NEWCASTLE motorcycling identity Graeme Boyd says market conditions are to blame for the liquidation of the business he has run under his own name for more than 20 years.
Mr Boyd, who has also been an enthusiastic promoter of moto-cross events in the Hunter over the years, said that if there was any hope of the market recovering he would have tried to keep trading. But things were getting progressively worse and he was left with no option, financially.
Liquidator Brad Morelli of insolvency specialists Jirsch Sutherland said he was appointed on Monday and shut the Maitland Road, Islington, business the next day.
He said the company’s 15 employees had been laid off and they would have to apply to the federal government’s Fair Entitlements Guarantee scheme to recover their entitlements. Mr Boyd said he hoped he would have the funds to cover them himself once a sale of the company’s assets had taken place.
Mr Morelli said it was too early to give a complete financial rundown but the business owed at least $150,000 to about 30 unsecured creditors. Money was also owed to the dealership’s main brands, Suzuki and Yamaha, and to a bank, the tax office and the landlord.
A sign on the dealership fence yesterday said “possession taken by owner due to breach of lease”.
Mr Boyd said he had pumped a lot of his own money into the business recently to keep it afloat.
“I’ve done six days a week for thirty years, and I haven’t had a holiday for four years,” Mr Boyd said.
Mr Boyd, who turns 60 this month, said motorcycle dealers in Moree and Gunnedah had also shut up shop in the past few weeks.
Despite the liquidation of his dealership, Mr Boyd is still involved in promoting motor sports events, including two rounds of a national dirt bike circuit this weekend at a layout about 10 kilometres north of Raymond Terrace.
Mr Boyd said he was concerned about his business closure impacting on the MX Nationals, which he described as “the dirt bike equivalent of the Supercars”.
Mr Morelli said he and his partner Stewart Free were “working to determine the position in relation to stock on consignment from various suppliers” but Suzuki and Yamaha were likely to be “significant creditors”.
“Customers who had bikes in the store for repair or service are being contacted to arrange an immediate collection by staff employed by the liquidator for that purpose,” Mr Morelli said.
“A sale of residual stock of both bikes and accessories will take place in the coming weeks via the liquidators’ appointed agents, Slattery Valuations & Auctions.”
In April this year, Mr Morelli was appointed to another well-known Hunter business when the Darby’s Fresh Bake chain of stores went into voluntary administration. Mr Morelli said the director Victor de Vries had struck a deed of company arrangement with his creditors and had managed to stay open.
But Mr Boyd said that would not be the situation in his case, because he was getting out of the business for good.
“In the end it was an easy decision,” Mr Boyd said, saying that like most people who worked in the industry, he was a motorcycle enthusiast.

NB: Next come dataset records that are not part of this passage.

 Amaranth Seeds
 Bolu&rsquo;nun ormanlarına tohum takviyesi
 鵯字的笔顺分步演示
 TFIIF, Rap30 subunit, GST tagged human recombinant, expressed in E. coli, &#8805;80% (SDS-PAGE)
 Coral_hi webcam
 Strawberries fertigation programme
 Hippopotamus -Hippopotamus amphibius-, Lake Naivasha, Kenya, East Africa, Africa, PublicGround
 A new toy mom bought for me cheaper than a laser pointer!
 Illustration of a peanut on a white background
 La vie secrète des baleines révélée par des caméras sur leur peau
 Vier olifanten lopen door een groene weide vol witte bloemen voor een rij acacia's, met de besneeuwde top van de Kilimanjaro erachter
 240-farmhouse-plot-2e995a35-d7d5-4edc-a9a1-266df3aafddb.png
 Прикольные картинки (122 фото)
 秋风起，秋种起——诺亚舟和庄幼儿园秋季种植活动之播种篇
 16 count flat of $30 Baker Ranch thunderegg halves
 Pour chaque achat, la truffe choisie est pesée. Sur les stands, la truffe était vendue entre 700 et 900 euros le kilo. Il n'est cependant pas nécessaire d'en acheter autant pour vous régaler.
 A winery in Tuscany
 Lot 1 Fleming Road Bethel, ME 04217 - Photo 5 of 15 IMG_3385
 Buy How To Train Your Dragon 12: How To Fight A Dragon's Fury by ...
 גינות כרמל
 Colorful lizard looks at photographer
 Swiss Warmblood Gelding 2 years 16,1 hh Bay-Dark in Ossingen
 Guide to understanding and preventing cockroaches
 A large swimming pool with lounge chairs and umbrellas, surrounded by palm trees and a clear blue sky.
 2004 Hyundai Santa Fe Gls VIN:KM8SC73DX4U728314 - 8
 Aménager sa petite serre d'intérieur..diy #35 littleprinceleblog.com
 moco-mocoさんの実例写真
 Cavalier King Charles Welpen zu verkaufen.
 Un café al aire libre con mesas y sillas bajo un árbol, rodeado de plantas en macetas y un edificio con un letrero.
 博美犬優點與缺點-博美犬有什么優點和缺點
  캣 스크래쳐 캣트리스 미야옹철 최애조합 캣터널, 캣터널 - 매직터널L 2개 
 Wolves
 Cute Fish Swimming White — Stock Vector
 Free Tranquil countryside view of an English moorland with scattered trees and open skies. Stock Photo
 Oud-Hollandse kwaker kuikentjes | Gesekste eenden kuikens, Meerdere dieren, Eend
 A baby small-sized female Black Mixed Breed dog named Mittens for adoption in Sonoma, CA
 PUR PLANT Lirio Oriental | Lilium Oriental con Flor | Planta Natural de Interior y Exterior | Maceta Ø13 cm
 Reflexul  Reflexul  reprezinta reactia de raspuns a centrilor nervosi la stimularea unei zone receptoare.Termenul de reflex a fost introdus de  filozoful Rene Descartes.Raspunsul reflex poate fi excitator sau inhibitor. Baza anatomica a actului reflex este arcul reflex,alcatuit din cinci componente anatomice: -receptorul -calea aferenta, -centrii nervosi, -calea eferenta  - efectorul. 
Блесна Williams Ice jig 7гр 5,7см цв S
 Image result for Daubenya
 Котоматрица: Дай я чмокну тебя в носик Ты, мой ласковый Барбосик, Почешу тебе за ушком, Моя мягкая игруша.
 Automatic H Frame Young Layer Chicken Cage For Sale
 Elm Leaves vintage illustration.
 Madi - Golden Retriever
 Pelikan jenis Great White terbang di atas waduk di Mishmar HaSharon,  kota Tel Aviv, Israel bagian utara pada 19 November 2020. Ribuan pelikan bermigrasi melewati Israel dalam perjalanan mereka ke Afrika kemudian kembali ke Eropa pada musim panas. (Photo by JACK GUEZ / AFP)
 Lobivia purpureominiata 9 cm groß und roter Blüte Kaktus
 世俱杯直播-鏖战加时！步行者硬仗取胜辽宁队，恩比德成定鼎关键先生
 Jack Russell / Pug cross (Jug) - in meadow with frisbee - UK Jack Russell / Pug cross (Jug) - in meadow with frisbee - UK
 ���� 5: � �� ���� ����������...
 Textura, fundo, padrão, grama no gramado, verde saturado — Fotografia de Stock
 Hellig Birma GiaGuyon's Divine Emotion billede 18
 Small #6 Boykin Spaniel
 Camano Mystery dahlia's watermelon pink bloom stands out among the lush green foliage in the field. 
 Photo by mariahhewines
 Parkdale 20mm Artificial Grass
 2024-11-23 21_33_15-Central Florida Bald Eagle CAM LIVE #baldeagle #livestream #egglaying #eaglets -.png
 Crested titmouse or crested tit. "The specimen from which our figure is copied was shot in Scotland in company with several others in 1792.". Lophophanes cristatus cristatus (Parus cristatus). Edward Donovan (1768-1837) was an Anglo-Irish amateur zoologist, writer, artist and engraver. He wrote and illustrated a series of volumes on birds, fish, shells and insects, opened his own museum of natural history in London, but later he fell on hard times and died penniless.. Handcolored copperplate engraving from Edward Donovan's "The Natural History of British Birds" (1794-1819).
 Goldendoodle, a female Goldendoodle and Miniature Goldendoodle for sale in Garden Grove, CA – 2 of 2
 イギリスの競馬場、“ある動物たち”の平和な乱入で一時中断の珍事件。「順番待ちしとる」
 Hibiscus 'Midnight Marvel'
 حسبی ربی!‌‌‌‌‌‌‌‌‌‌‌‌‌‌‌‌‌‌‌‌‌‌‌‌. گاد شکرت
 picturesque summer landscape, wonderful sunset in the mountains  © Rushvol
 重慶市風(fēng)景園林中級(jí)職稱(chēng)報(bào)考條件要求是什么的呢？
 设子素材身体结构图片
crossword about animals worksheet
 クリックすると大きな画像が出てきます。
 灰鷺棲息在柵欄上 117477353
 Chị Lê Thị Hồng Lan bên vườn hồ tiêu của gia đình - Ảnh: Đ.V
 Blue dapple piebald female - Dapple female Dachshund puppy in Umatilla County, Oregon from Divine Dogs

He said he got his start with Fraser’s motorcycles in 1980, and had been in business since 1986.
Australian Securities and Investments Commission records show he started Graeme Boyd Motorcycles in 1996 with his wife, Vicki-Lee Boyd, as an equal shareholder. Records show she is still a half-owner although Mr Boyd has been the company’s only director since March 2016.
Mr Morelli said potential buyers would be sounded out as the financial details of the business were finalised.
“Graeme Boyd Motorcycles is an iconic Newcastle brand and it is sad to see such well-regarded and long established local business struggling amid a challenging retail environment,” Mr Morelli said.
The decline in motorcycle sales has been widely reported inside the industry, with the Federal Chamber of Automotive Industries saying overall sales were down 9.3 per cent last year, with on-road bikes down 15.9 per cent, scooters down 13.2 per cent and off-road bikes down 5.9 per cent.
Mr Boyd brought a SuperMoto race to the Newcastle foreshore in 2015 and 2016 but it moved to Newcastle Showground last year because of the Supercars. The 2018 race is back at the foreshore on September 1 and 2. Mr Boyd said last month that the move “hurt big time” but it would be back “bigger and better” with 20,000 spectators expected.